## [YOUR OBJECTIVE]
Each record should be copied exactly into the answer, and no picture should go with it.

[INPUT MATERIAL]

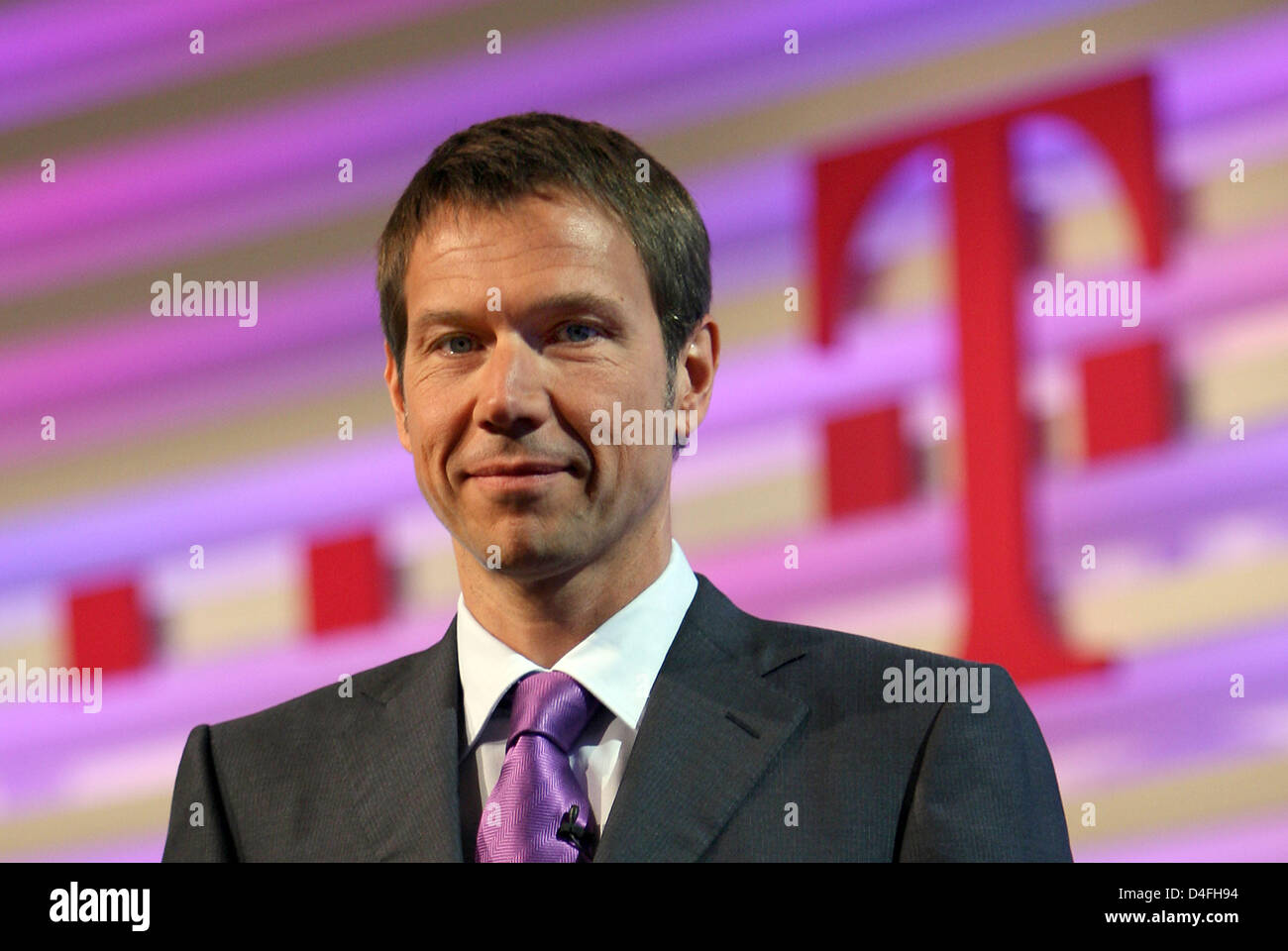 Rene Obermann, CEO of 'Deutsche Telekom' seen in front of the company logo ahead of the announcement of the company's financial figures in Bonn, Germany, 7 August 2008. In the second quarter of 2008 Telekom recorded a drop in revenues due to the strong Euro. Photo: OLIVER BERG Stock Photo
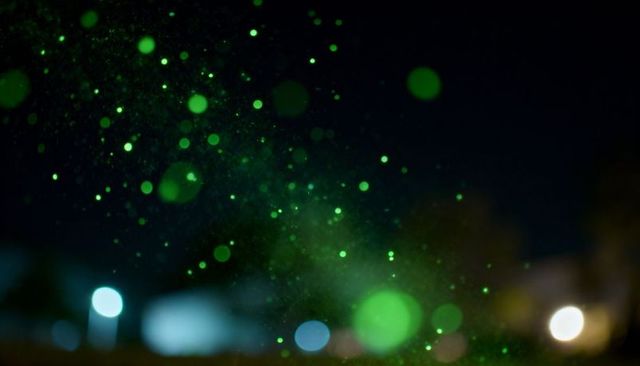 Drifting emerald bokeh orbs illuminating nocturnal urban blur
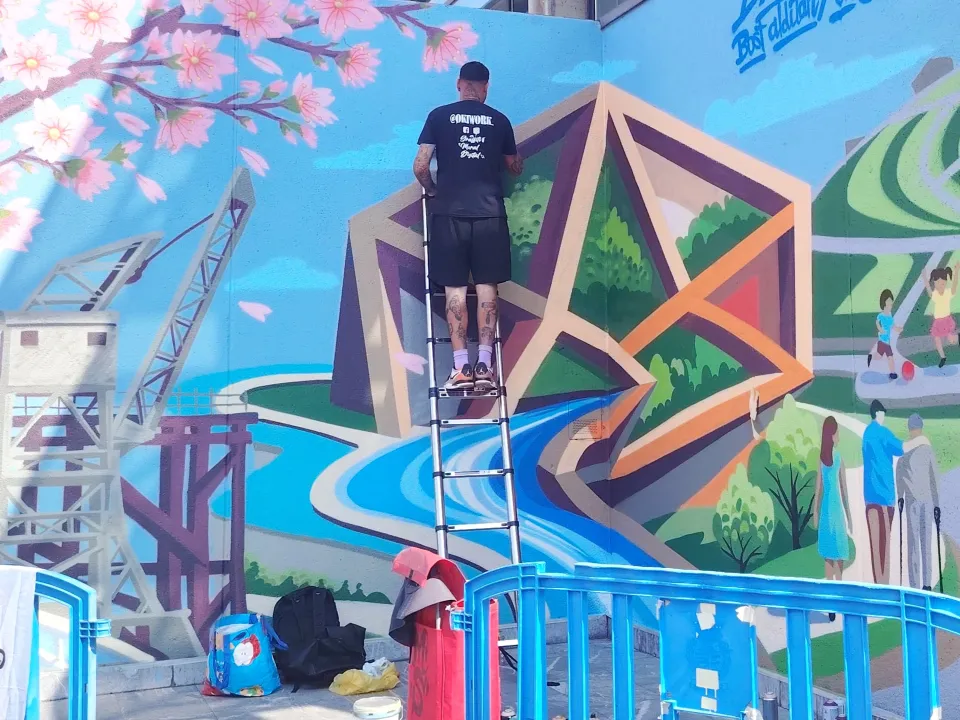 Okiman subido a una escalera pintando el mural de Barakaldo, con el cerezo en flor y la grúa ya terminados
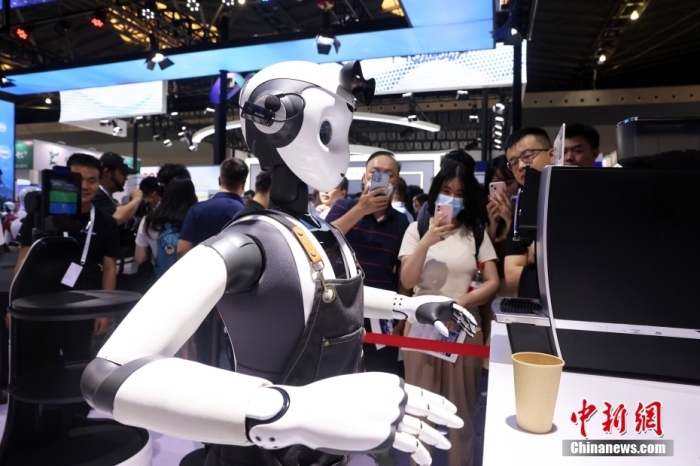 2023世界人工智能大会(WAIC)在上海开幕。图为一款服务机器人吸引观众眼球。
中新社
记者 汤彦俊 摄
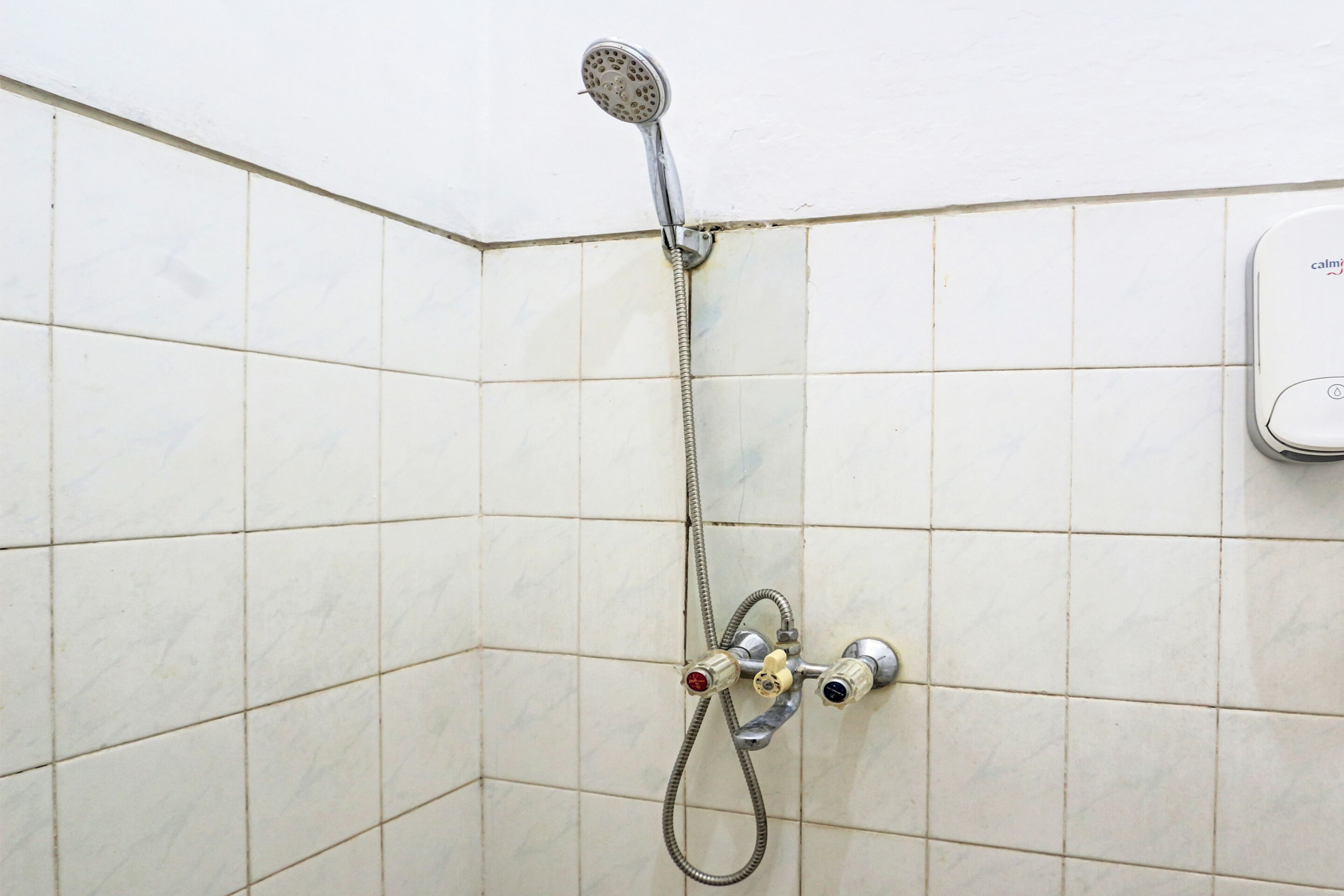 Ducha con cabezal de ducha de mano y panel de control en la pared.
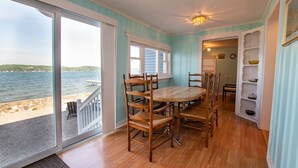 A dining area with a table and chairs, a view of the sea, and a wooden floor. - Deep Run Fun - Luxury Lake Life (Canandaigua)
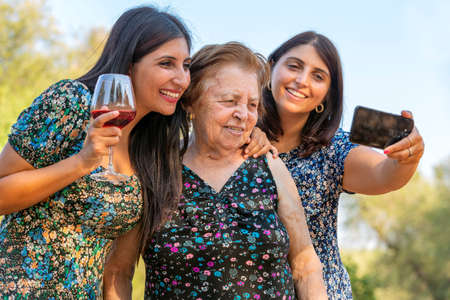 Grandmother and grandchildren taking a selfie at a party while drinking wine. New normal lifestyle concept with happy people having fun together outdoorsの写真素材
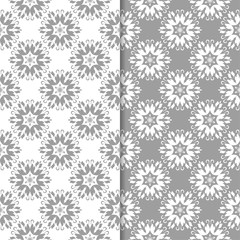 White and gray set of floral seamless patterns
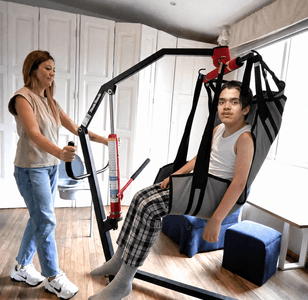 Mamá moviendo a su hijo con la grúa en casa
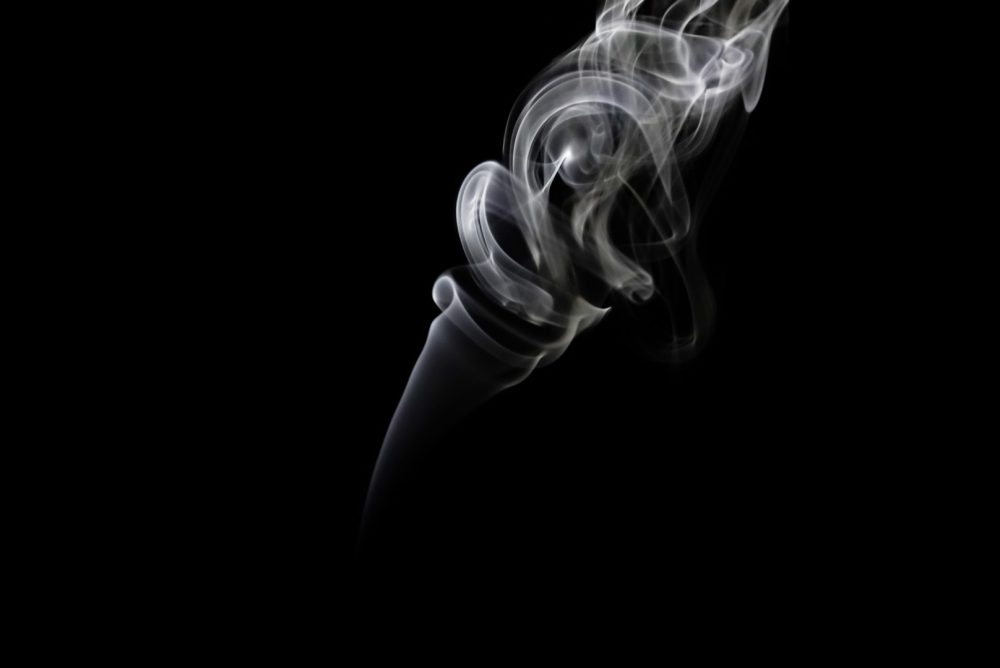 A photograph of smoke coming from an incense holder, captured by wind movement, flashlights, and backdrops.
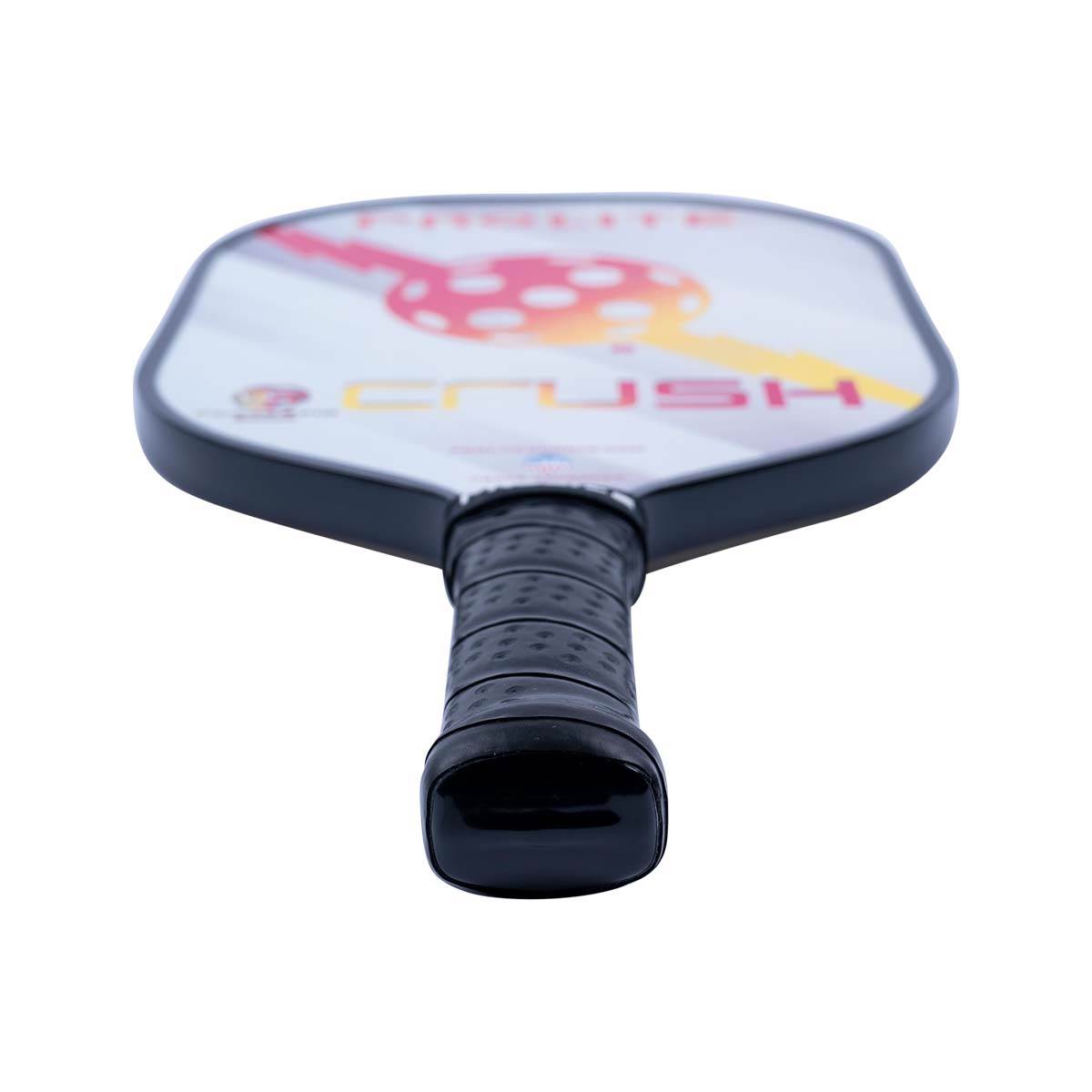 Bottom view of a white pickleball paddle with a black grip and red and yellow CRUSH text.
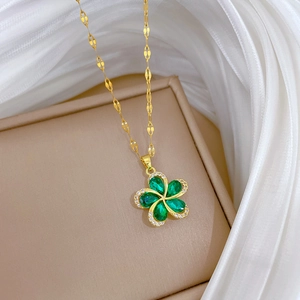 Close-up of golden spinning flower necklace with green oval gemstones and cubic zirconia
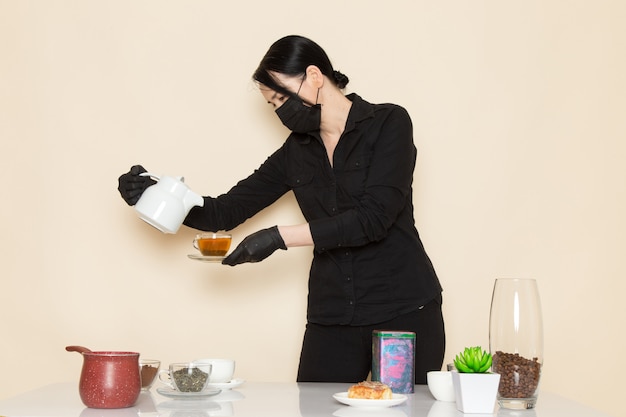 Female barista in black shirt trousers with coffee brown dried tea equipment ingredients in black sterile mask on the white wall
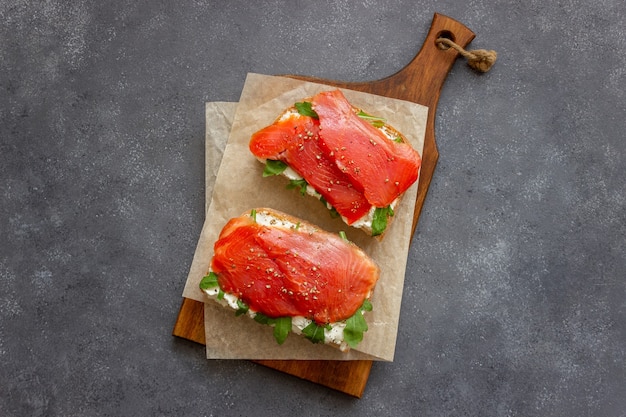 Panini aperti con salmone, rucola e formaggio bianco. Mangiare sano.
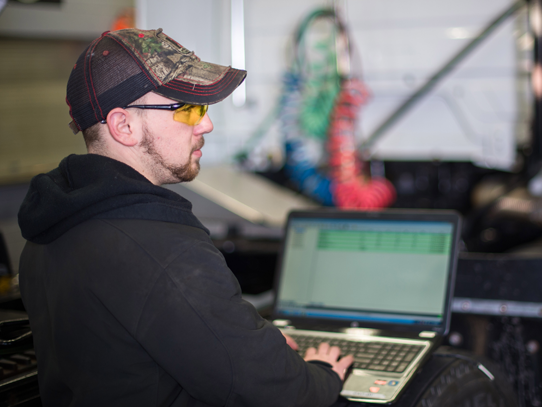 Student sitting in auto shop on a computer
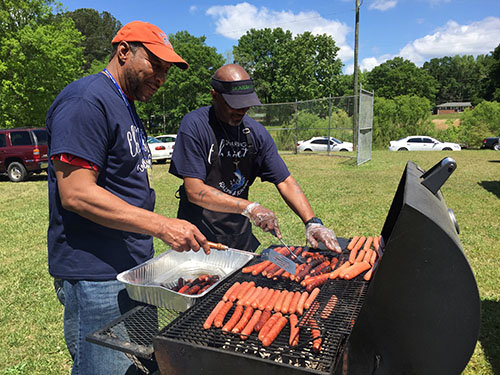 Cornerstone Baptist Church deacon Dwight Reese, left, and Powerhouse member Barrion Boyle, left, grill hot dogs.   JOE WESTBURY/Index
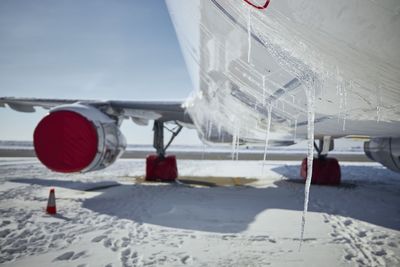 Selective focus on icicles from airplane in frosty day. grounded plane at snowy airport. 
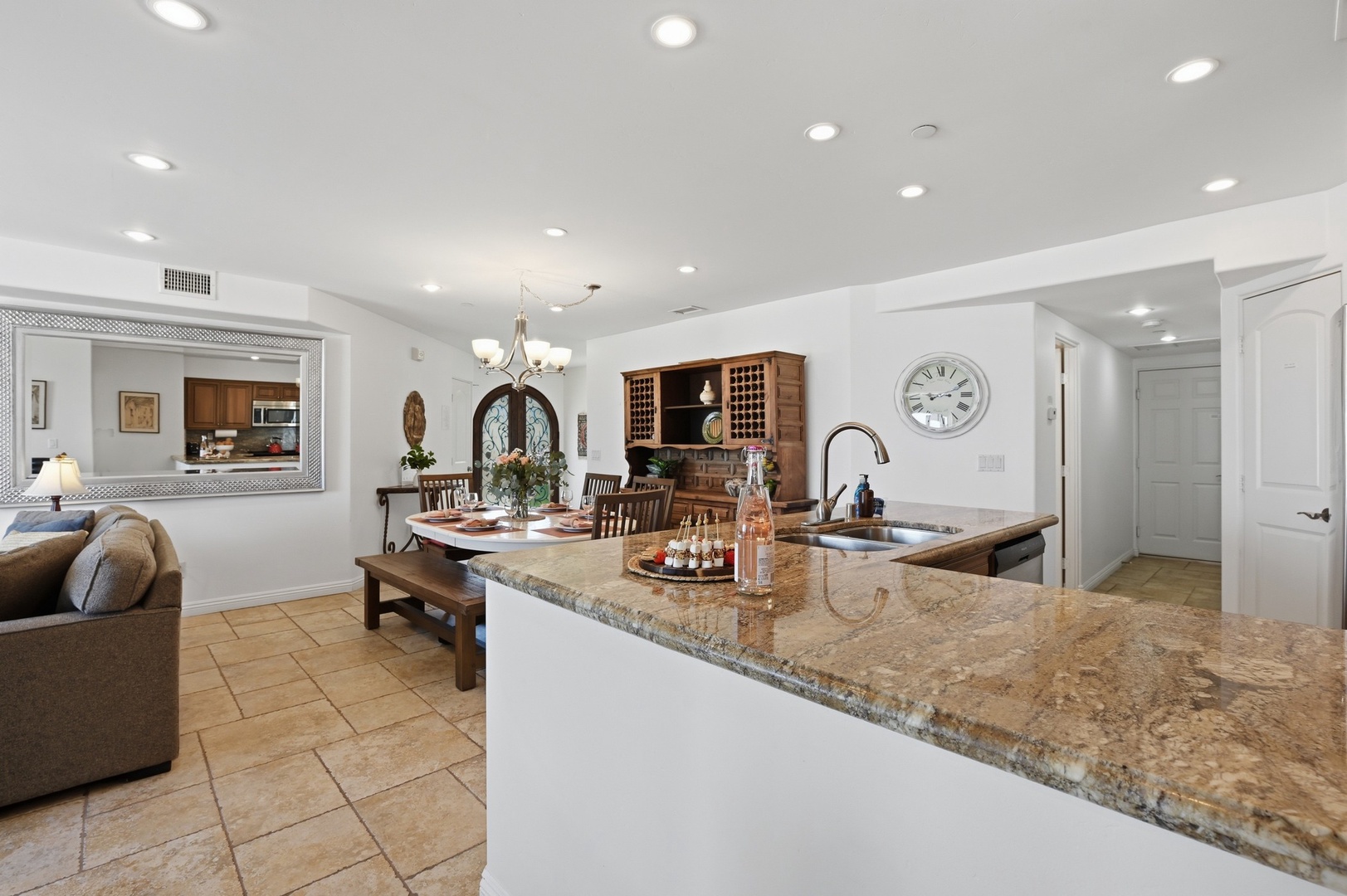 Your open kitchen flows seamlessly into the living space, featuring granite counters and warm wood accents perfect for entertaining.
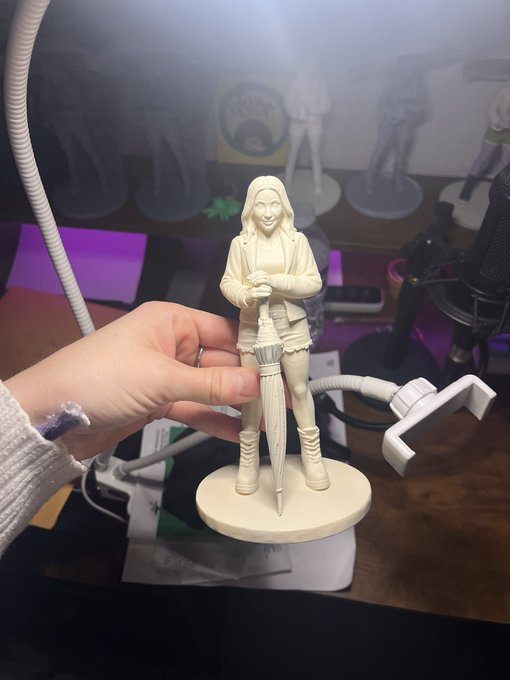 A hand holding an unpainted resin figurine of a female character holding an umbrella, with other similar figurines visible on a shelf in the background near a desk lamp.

[/INPUT MATERIAL]

## [YOUR RESPONSE]
 Rene Obermann, CEO of 'Deutsche Telekom' seen in front of the company logo ahead of the announcement of the company's financial figures in Bonn, Germany, 7 August 2008. In the second quarter of 2008 Telekom recorded a drop in revenues due to the strong Euro. Photo: OLIVER BERG Stock Photo
 Drifting emerald bokeh orbs illuminating nocturnal urban blur
 Okiman subido a una escalera pintando el mural de Barakaldo, con el cerezo en flor y la grúa ya terminados
 2023世界人工智能大会(WAIC)在上海开幕。图为一款服务机器人吸引观众眼球。
中新社
记者 汤彦俊 摄
 Ducha con cabezal de ducha de mano y panel de control en la pared.
 A dining area with a table and chairs, a view of the sea, and a wooden floor. - Deep Run Fun - Luxury Lake Life (Canandaigua)
 Grandmother and grandchildren taking a selfie at a party while drinking wine. New normal lifestyle concept with happy people having fun together outdoorsの写真素材
 White and gray set of floral seamless patterns
 Mamá moviendo a su hijo con la grúa en casa
 A photograph of smoke coming from an incense holder, captured by wind movement, flashlights, and backdrops.
 Bottom view of a white pickleball paddle with a black grip and red and yellow CRUSH text.
 Close-up of golden spinning flower necklace with green oval gemstones and cubic zirconia
 Female barista in black shirt trousers with coffee brown dried tea equipment ingredients in black sterile mask on the white wall
 Panini aperti con salmone, rucola e formaggio bianco. Mangiare sano.
 Student sitting in auto shop on a computer
 Cornerstone Baptist Church deacon Dwight Reese, left, and Powerhouse member Barrion Boyle, left, grill hot dogs.   JOE WESTBURY/Index
 Selective focus on icicles from airplane in frosty day. grounded plane at snowy airport. 
 Your open kitchen flows seamlessly into the living space, featuring granite counters and warm wood accents perfect for entertaining.
 A hand holding an unpainted resin figurine of a female character holding an umbrella, with other similar figurines visible on a shelf in the background near a desk lamp.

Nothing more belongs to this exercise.